What does comprehensive primary mental health care reform look like? What would it mean for consumers, health professionals, service providers, planners and funders?

We have previously outlined a framework for reform. It is now possible to describe the components and pathways of a new primary mental health care ecosystem, drawing on our research into data collection, digital systems and policy reform.

This is timely. The federal government must decide how it will respond to the recent evaluation of the Better Access Program. GPs are concerned about survival, Medicare rebates, and asserting a role as expert generalists. Psychologists focus on session limits, responding to needs of people for whom the Program was never intended.

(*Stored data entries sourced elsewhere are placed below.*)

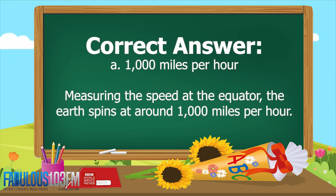And the correct answer is A. 1,000 miles an hour. Measuring the speed at the equator, the earth spins at around 1,000 miles an hour.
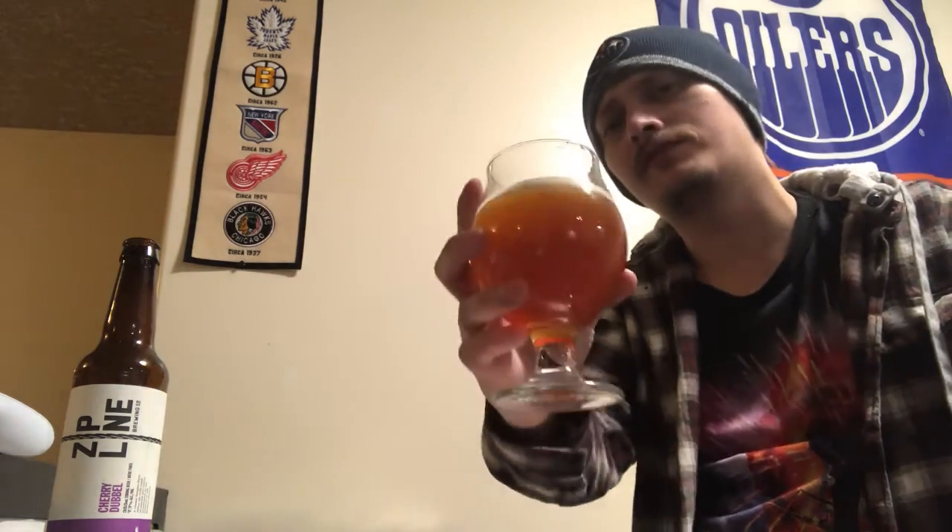That smells awesome — smells like cherries and chocolate, and honestly caramel in there too. It reminds me a lot of like black forest cake. There's also a bit of toasty, grainy maltiness, but mainly cherries and chocolate. Pretty stoked — let's try it out, cheers.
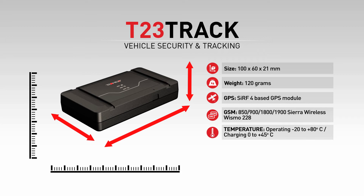T23 components work up to plus 80 degrees Celsius — that's 176 Fahrenheit. The T23 uses micro USB for device configuring, which can also be used for charging the internal backup battery.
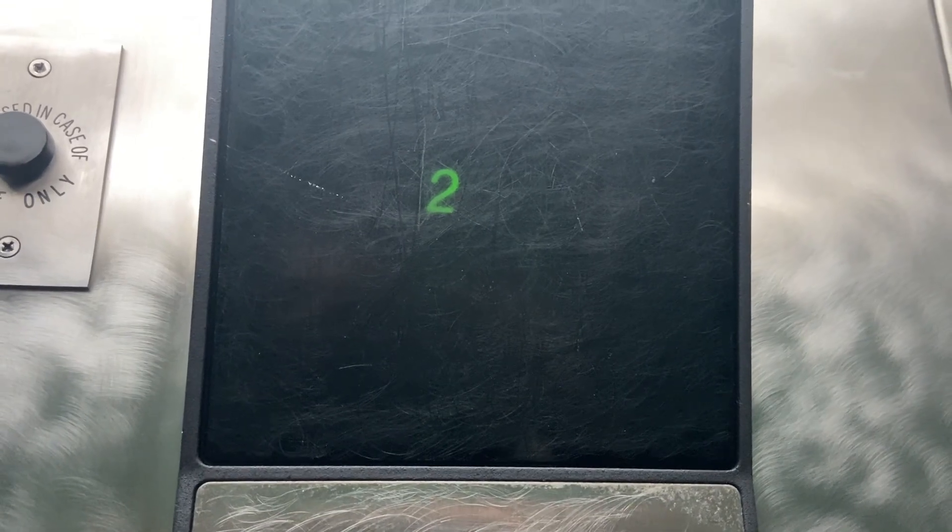This is the elevator here at the Beta Building. Are you kidding me? A 1980 Otis Series 1. Holy fuck. It's an Otis Series 1 from 1980. My first.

People still wait too long to find the right mental health care.

The problems extend beyond Medicare, with 60 000 thousand people receiving some sort of mental health care under the National Disability Insurance Scheme, presumably aimed at their functional rather than clinical recovery, at a cost of $2 billion in 2021.

Reimagining Australian primary mental health care - Featured Image
People still wait too long to find the right mental health care. Chanintorn.v/Shutterstock.

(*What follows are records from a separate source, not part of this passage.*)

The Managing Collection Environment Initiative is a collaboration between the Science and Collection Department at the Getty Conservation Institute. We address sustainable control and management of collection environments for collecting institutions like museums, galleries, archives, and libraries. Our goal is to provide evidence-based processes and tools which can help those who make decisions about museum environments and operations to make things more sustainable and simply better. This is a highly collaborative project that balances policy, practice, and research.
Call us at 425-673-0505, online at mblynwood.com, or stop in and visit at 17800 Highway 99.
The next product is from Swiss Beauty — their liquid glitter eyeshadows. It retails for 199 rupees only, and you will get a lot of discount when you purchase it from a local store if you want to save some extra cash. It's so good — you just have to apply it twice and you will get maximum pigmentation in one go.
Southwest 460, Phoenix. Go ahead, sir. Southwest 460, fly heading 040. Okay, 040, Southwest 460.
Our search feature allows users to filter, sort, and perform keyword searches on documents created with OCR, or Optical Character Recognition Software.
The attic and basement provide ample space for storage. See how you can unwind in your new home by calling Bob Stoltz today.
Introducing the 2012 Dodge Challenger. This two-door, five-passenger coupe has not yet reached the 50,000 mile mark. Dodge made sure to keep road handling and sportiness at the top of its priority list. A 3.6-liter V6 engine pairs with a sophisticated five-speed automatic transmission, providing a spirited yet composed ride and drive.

The broader task of reform

Although these narrower perspectives drive the public debate, the task of broader primary mental health care reform is undone.

Overcoming inequity and improving the quality of mental health care cannot be achieved by existing workforce and service models alone.

Funds to just grow the workforce or to increase service access for particular groups of people will not be enough. 

This comprehensive primary mental health ecosystem will require national investment and depends on the delivery of several key functions.

Reassuringly, many of these have already been evaluated as effective, though often then defunded.

Legacy of acute fragmentation

First, we must recognise and respond to the legacy of acute fragmentation which afflicts the system. 

In fact, use of the term “system” belies the fact that federal- and state-funded services are rarely planned together and regularly lack data or other connections. 

This is perfect environment for Australians who require primary mental health care to “fall through the cracks”. And these gaps have consequences.

Australians with mental illness have notably lower life expectancy, often dying of chronic illnesses that could have been managed in primary care.

Transferring more functions to Primary Health Networks

By contrast with the existing GP-based gatekeeper system, it may be desirable to transfer the essential triage function to Primary Health Networks (PHNs), proposing that regionally organised authorities are best able to coordinate the range of clinical and psychosocial services available locally and direct clients to those services.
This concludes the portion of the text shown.